═══ Exercise input
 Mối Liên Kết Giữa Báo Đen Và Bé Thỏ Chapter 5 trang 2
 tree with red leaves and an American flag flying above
══════
═══ Exercise input
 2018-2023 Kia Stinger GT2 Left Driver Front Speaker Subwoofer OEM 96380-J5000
══════
▶ [Exercise brief]
From the records above, retype only the lines starting at the line that contains "Mối Liên Kết" and ending at the line that contains "tree with red", both included.

▶ [Result for this task]
 Mối Liên Kết Giữa Báo Đen Và Bé Thỏ Chapter 5 trang 2
 tree with red leaves and an American flag flying above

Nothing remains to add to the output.